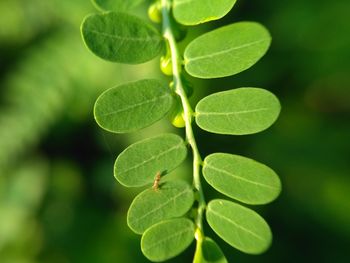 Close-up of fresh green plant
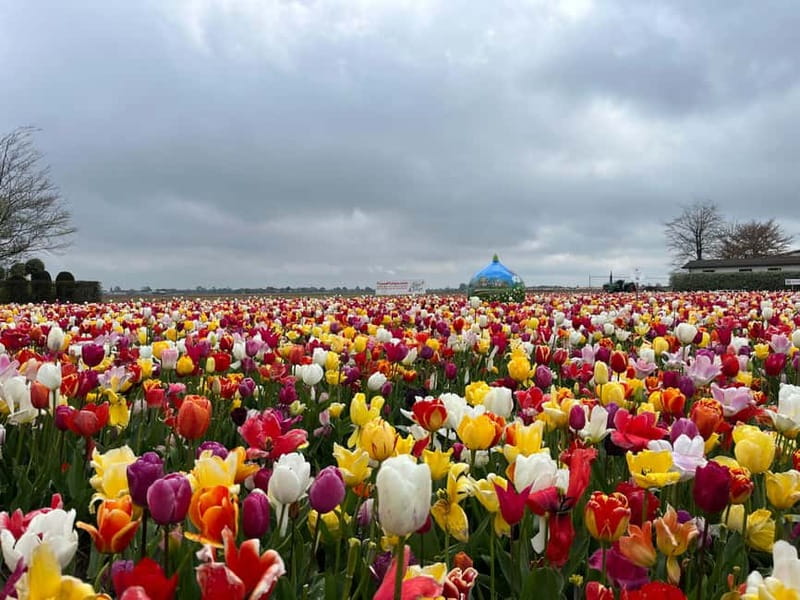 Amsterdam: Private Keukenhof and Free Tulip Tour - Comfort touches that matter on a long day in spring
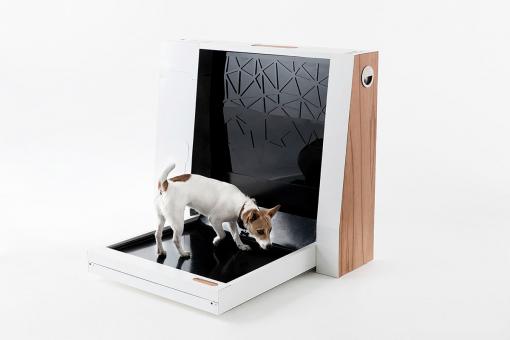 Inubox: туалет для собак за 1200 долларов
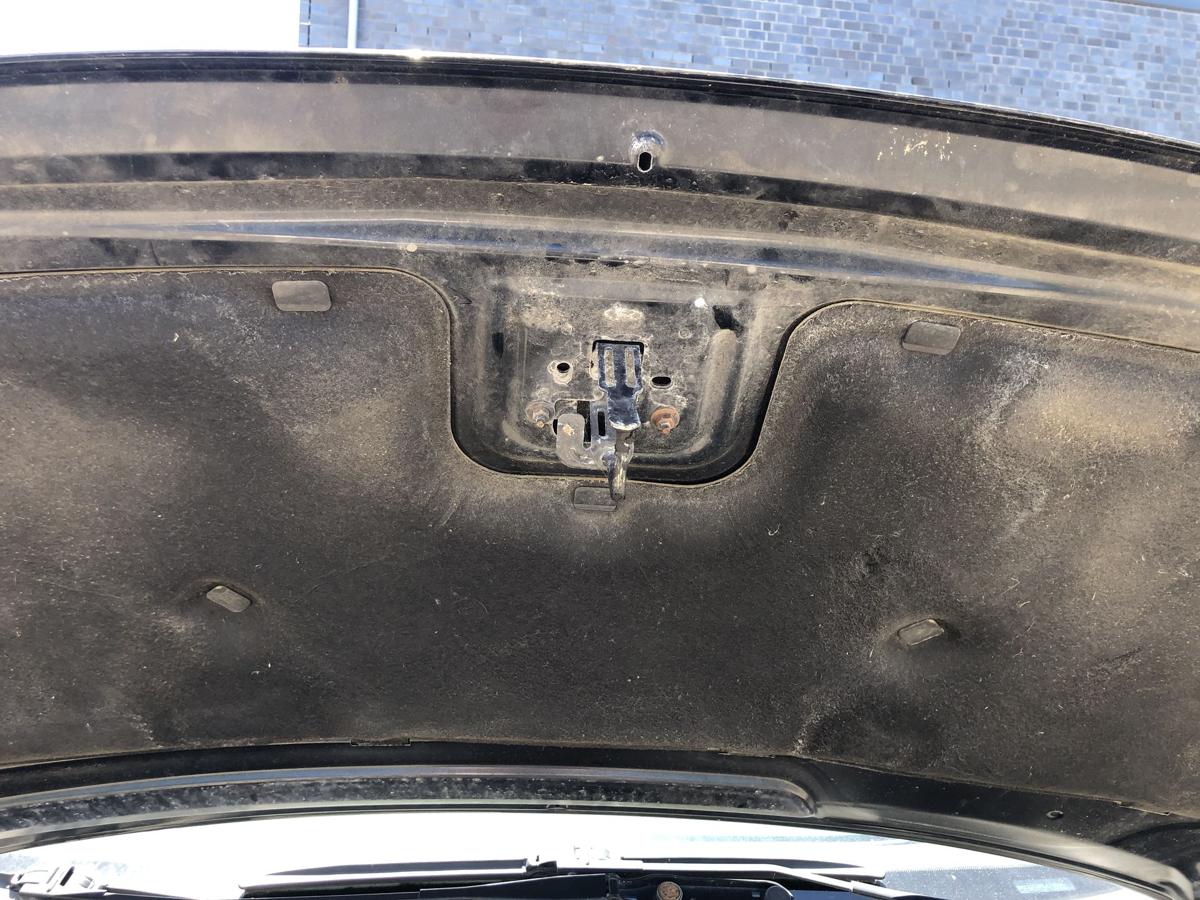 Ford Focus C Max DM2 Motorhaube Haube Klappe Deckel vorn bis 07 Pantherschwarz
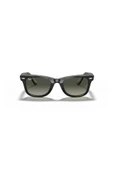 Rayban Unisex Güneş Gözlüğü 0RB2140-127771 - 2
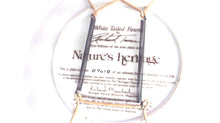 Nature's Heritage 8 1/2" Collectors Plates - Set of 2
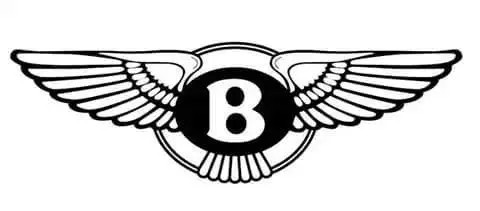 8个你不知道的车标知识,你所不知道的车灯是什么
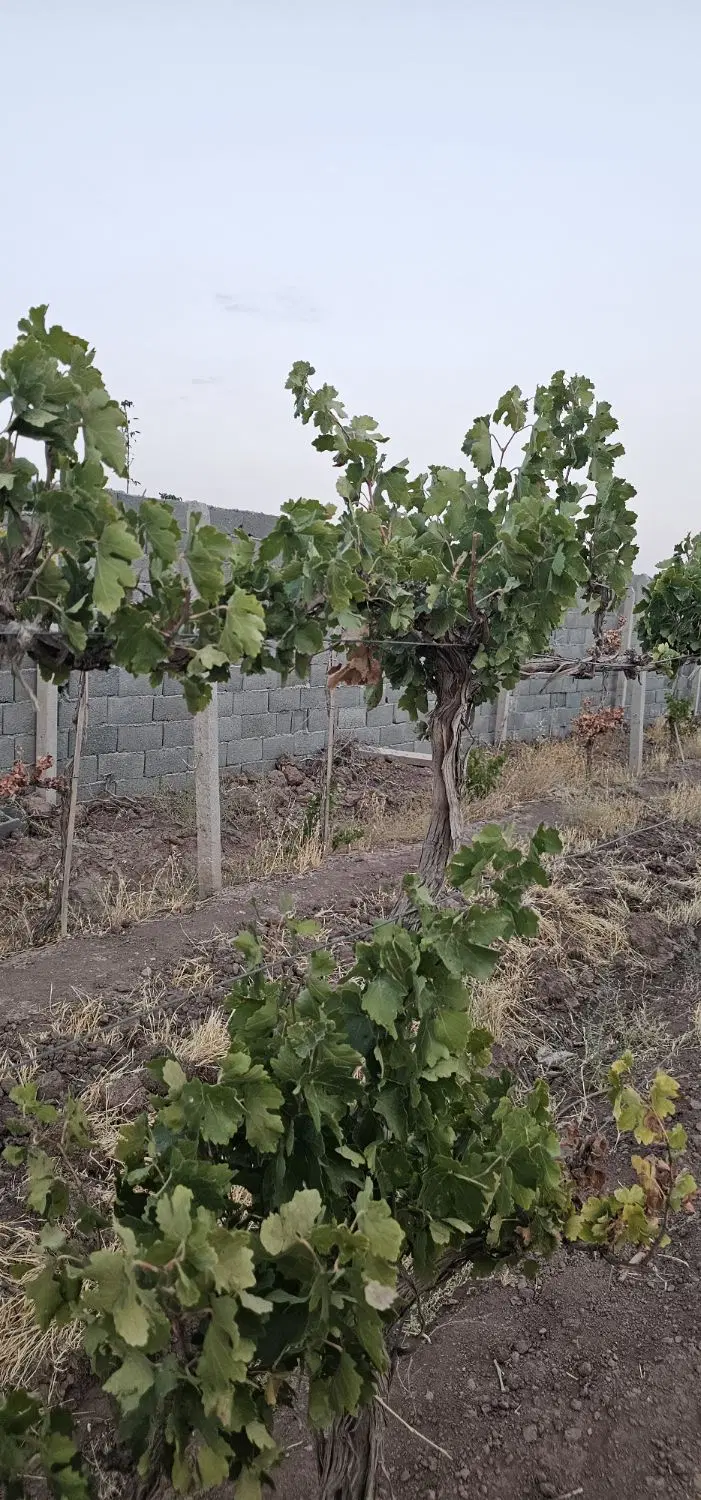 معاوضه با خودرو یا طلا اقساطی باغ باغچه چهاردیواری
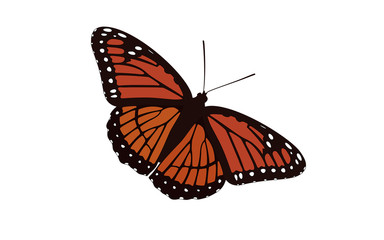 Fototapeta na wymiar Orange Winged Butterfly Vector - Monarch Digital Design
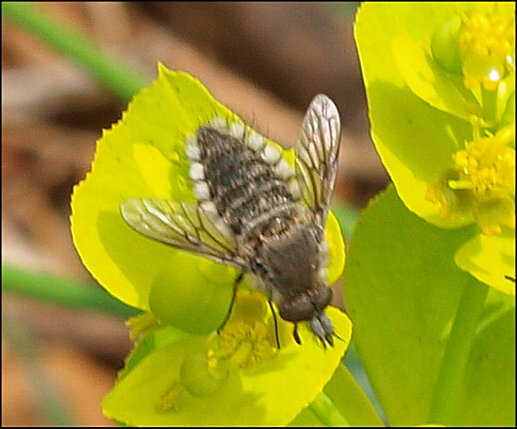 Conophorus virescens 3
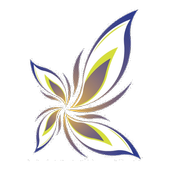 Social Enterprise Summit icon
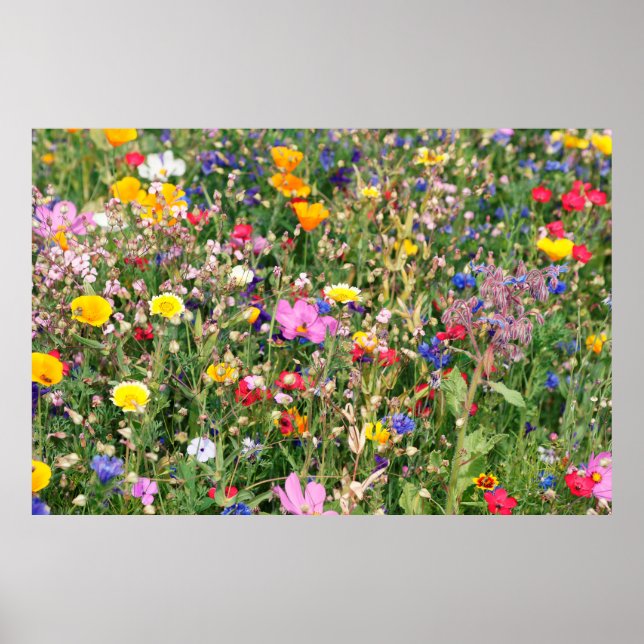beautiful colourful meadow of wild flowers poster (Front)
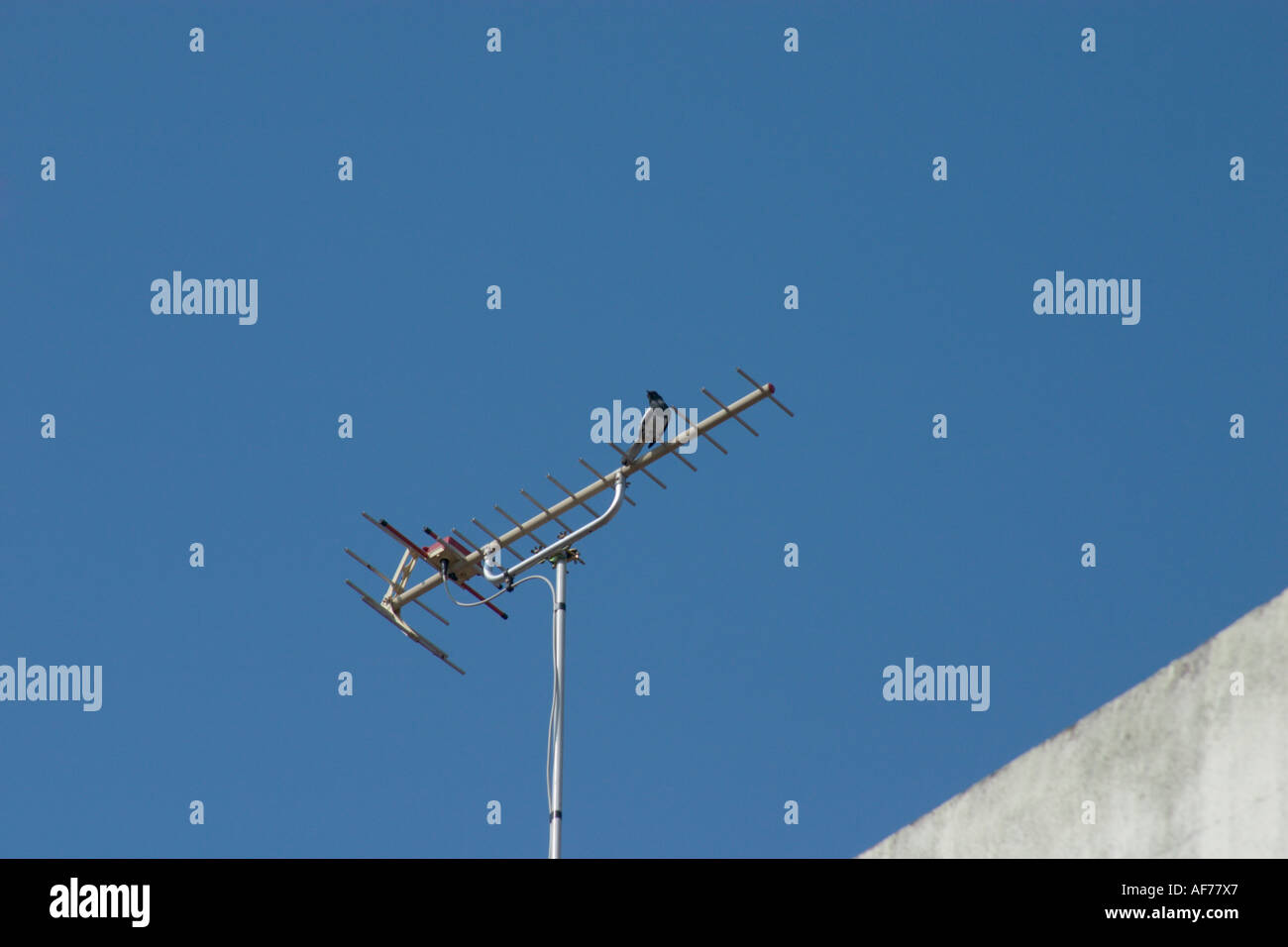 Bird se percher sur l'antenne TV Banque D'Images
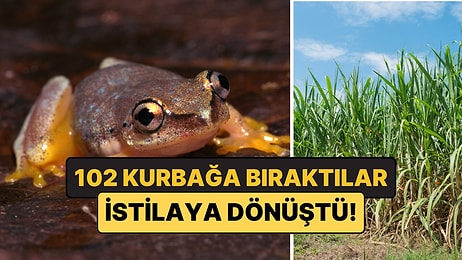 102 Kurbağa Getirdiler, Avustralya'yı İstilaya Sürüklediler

## About this exercise
Beginning at the line that holds "beautiful colourful meadow" and ending with the last line of the entries, please set down each line exactly, leaving every picture out.

## Written response
beautiful colourful meadow of wild flowers poster (Front)
 Bird se percher sur l'antenne TV Banque D'Images
 102 Kurbağa Getirdiler, Avustralya'yı İstilaya Sürüklediler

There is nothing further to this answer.